Trump Team Ramps Up Religion in Government—and Employees Are Worried
Federal employees warn that the “vibes are bad” thanks to Donald Trump’s administration increasing the presence of religion in the workplace.

The First Amendment of the U.S. Constitution explicitly protects freedom of religion, preventing the government from prohibiting the free exercise of one’s own beliefs, and forbidding the government from establishing an official religion or from favoring one over another.
Earlier this month, the Trump administration flagrantly defied it.
On Easter Sunday, Brooke Rollins, the secretary of the Department of Agriculture, sent out a blatantly Christian email to some 100,000 government employees. The subject line read: “He has risen!”
“Happy Easter—He is Risen indeed!” starts the email, obtained by The Washington Post. “Today we celebrate the greatest story ever told, the foundation of our faith, and the abiding hope of all mankind.
“From the foot of the Cross on Good Friday to the stone rolled away from the now empty tomb, sin has been destroyed,” continues the email, signed by the secretary. “Jesus has been raised from the dead. And God has granted each of us victory and new life.
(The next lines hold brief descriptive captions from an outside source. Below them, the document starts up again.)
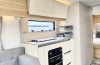 Used Adria Adora 623 DP Tiber 2023 touring caravan Image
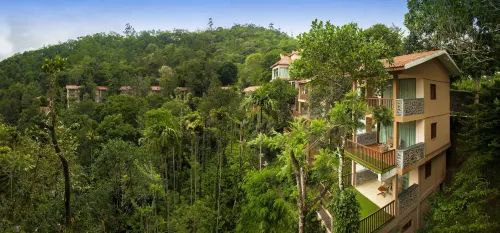 Oxygen Resorts Thekkady - 4 stjerner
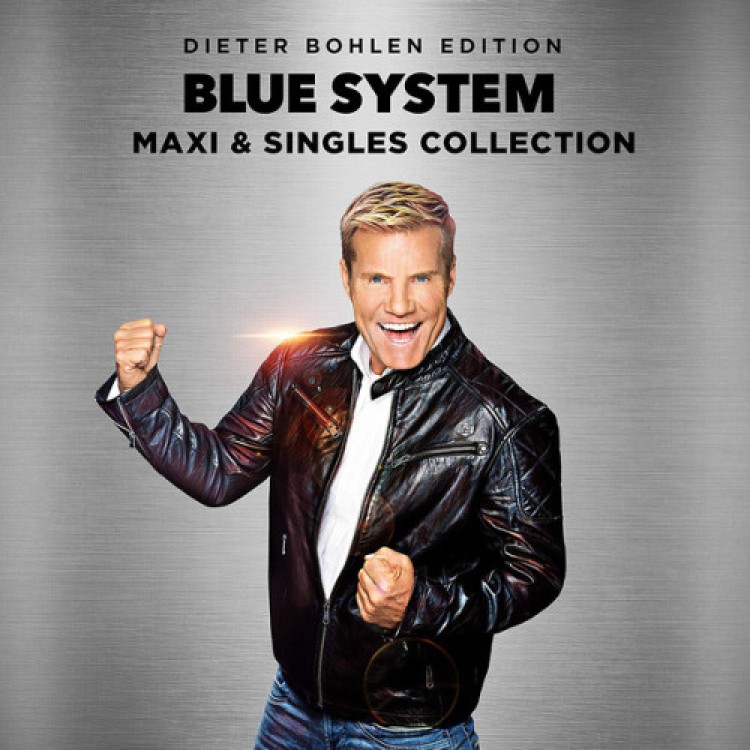 Blue System - Maxi & Singles Collection 3CD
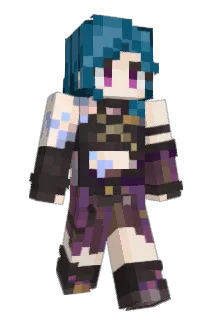 boop037 Minecraft avatar full body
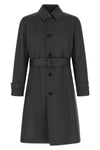 the lardini trench coat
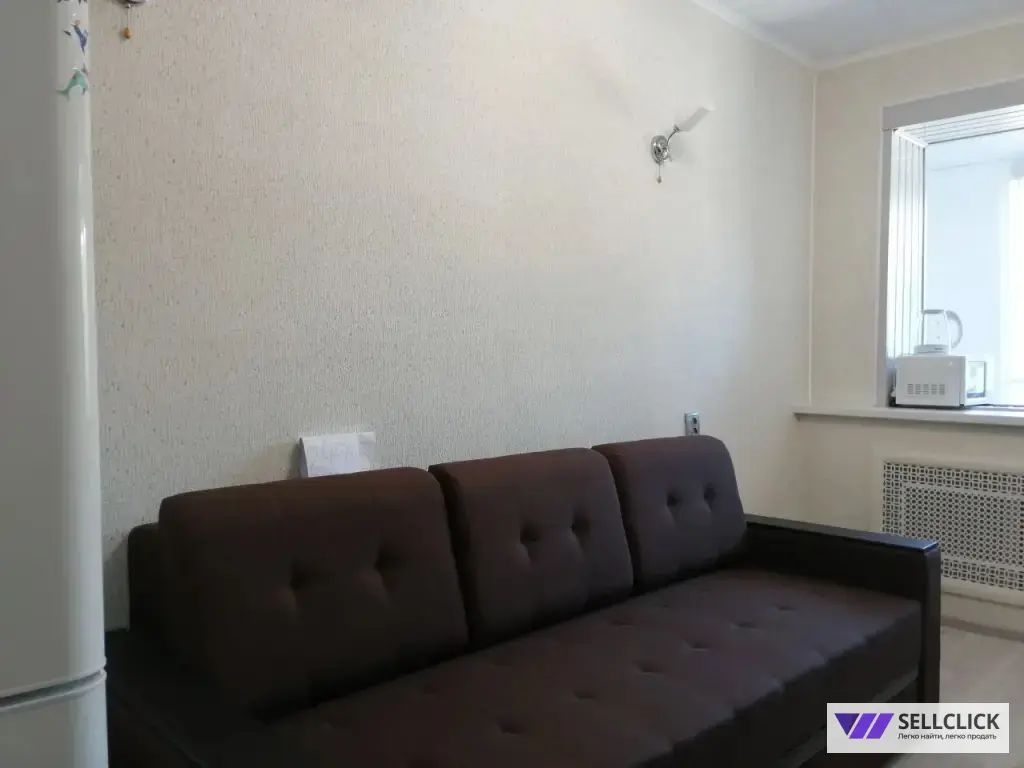 Квартира 1 комната, 18 м², 5/5 эт., Собственник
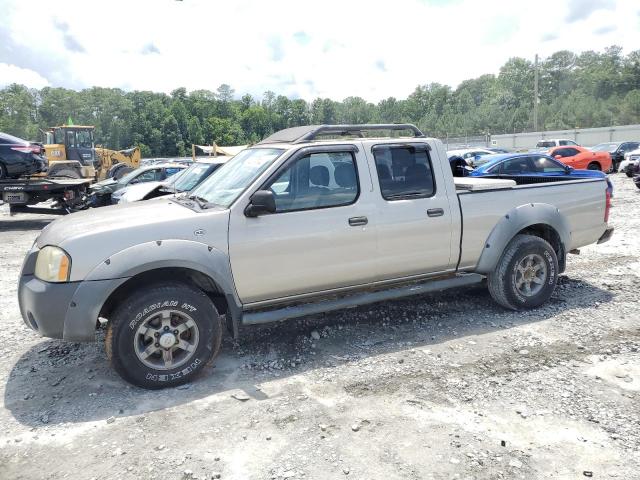 NISSAN FRONTIER 2002 1n6ed29x32c345141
And where there is life—risen life—there is hope.”
Staffers were shocked by the constitutional violation.
“This has never happened before,” one government employee, who described the email as “grotesque,” told Wired. “I have never gotten a message like this from anyone.”
The same employee noted that such a message wouldn’t even be expected from military chaplains, commissioned officers who provide religious services.
Another employee, a 15-year veteran of the department, told the Post, “I have never seen that overtly of a religious email in all my years of government service.... It’s a separation of state and religion for a reason.”
Yet another employee found it telling that Rollins was “forcing religion down everybody’s throat,” noting that non-Christian USDA employees had expressed concern about their futures in the department.
A USDA spokesperson insisted to Wired that Rollins was “within her rights” to issue an Easter-themed missive.
But the note was just one of many breaches by the Trump administration of America’s longstanding religious freedom. Weeks into his second term, Donald Trump signed an executive order establishing the official White House Faith Office, led by televangelist pastor Paula White-Cain. That same week, Trump issued another executive order to “end the anti-Christian weaponization of government.”
Months later in July, the Office of Personnel Management issued a similar memo, effectively allowing federal employees to attempt to convert their colleagues in the workplace and encourage them to pray in the workplace.
The Department of Labor also established its own faith office, where its religious leader, Kenneth Wolfe, hosts monthly worship services.
“Generally, people who are working for the government understand that their job is to work on behalf of all Americans,” an unnamed source at the Labor Department told Wired. “And this is something very different. This is very explicitly Christian, and even within the realm of Christianity, a very narrow representation of that.”
“People are uncomfortable. I know several who are offended and angry,” they continued. “These [worship services] are very Christian in nature.”
The evangelical infusions have been unabashed and shameless. In January, the niece of Martin Luther King Jr. and the senior adviser on faith and community outreach at USDA, Alveda King, told DOL employees that “we have different denominations, different faiths, and some have no faith.”
“Those are the ones I would be more concerned about,” King emphasized.
In March, Defense Secretary Pete Hegseth urged Americans to pray “every day” on their knees “in the name of Jesus Christ.” Employees say the hyper-fixation on Christianity has made the federal government a very uncomfortable place to work, spurring an environment in which staffers fear religion-based retaliation. Another staffer told Wired plainly that the “vibes are bad.”
“They always spend a lot of time carrying on like, ‘No one’s forcing you to pray, these are voluntary,’” they said. “But it’s happening in the middle of a government workplace.”